[INPUT DATA]

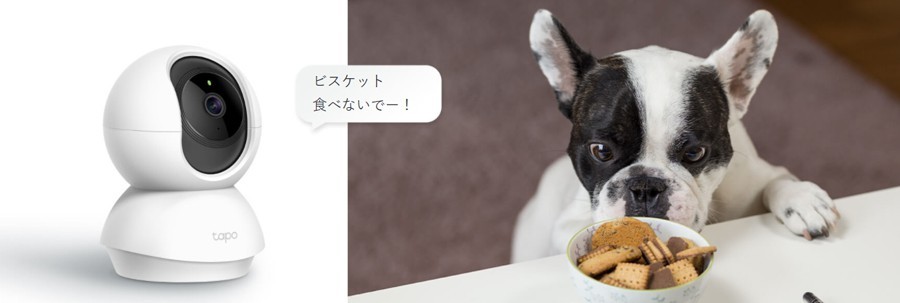 TP-Link ティーピーリンク Tapo C210 パンチルト ネットワークWi-Fi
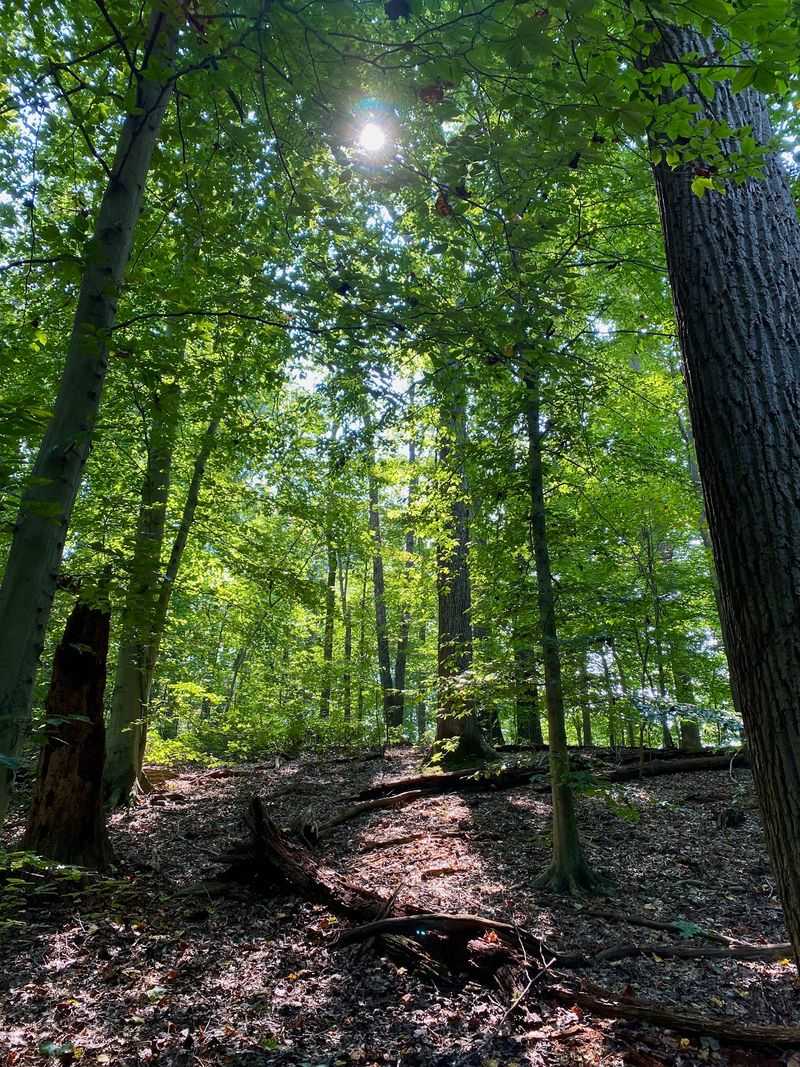 Pack A Map Because The Blazes Play Hide And Seek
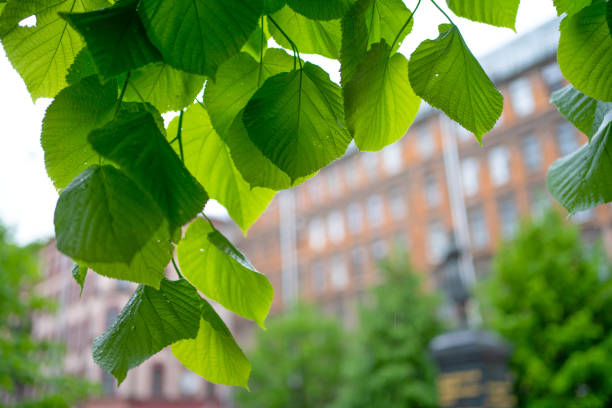 green tree branches on the background of the city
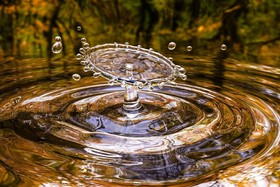 Bild der Petition: Wasser muss grundgesetzlich geschützt werden!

[/INPUT DATA]

**TASK DIRECTIONS**
Word for word, give again the lines from the line holding "Pack A Map Because" through the last line of the material, both included; pictures are not part of the copy.

**RESPONSE BELOW**
 Pack A Map Because The Blazes Play Hide And Seek
 green tree branches on the background of the city
 Bild der Petition: Wasser muss grundgesetzlich geschützt werden!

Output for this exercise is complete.